Solo nel marzo del 2015, si potevano trovare articoli che mettevano a confronto Meerkat coi suoi rivali e che puntavano sulla prima, perché si trattava – quello dello streaming per tutti – di un’idea innovativa su cui perfino il Wall Street Journal scommetteva.
La storia di Meerkat è la storia di una start up spuntata dal nulla che ha intuito una nicchia di mercato per i social. Nell’ombra, però, si annidavano i competitors, primo tra tutti Periscope, acquistato da Twitter per farne una sua feature nativa quasi prima che dell’esistenza di Periscope si accorgesse il grande pubblico.
100 milioni di dollari, investiti interamente per mettere i bastoni tra le ruote alla creatura di Ben Rubin. Poi vennero addirittura degli ostacoli software per impedire ulteriori diffusioni di Meerkat su Twitter.

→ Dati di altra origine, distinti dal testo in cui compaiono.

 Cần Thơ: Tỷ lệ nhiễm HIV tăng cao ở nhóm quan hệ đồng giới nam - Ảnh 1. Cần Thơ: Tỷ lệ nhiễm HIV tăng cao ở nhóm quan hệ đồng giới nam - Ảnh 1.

Un colpo basso, si potrebbe definire, tipico del mondo del business.
Meerkat chiude: ma il suo creatore non sta con le mani in mano
Interpellato da un giornalista, Ben Rubin afferma di non essersene stato con le mani in mano e mentre il mercato dello streaming per tutti veniva invaso da Periscope, Facebook Live e infine le dirette di Youtube (recente trovata di Google, all’inseguimento di quanto accade nei social), quindi già sei mesi dopo la creazione di Meerkat, ha iniziato in segreto la creazione di un’altra app, Houseparty. Che vanta al momento già un milione di utenti.
Ben Rubin ha cambiato un po’ idea sul suo core business. Se il nucleo centrale ruota sempre intorno alla diffusione di video, è cambiata l’idea del pubblico e della condivisione. Meerkat (e le altre piattaforme che l’hanno sostituita) punta sul broadcast, mentre la neonata Houseparty mira a tenere in contatto gruppi di amici (fino ad otto partecipanti).
E’ stata descritta anche come una app pensata per la Generazione Z. Il suo sviluppo è avvenuto quasi in segreto, con una distribuzione ad un pubblico selezionato di prova, senza diretti riferimenti al team di Meerkat. Vedremo se Ben Rubin ha avuto un’altra bella intuizione, e se stavolta saprà difenderla dalla concorrenza.